> _Exercise requirements_
Below are the records. Reproduce the line that contains "Thomas & Vine" and every line after it to the end, exactly and alone.

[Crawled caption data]
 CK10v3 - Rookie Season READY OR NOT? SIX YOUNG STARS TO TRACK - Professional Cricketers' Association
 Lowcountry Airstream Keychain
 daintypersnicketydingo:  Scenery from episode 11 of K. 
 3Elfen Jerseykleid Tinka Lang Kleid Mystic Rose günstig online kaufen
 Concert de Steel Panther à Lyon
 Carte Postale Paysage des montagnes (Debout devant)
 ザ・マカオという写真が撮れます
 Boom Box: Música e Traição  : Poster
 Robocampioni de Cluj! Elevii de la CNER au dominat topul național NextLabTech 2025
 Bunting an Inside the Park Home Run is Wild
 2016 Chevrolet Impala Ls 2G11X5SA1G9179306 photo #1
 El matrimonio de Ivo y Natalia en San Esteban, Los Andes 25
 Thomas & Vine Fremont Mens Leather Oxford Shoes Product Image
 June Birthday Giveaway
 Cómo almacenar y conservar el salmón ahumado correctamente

> _Finished task_
 Thomas & Vine Fremont Mens Leather Oxford Shoes Product Image
 June Birthday Giveaway
 Cómo almacenar y conservar el salmón ahumado correctamente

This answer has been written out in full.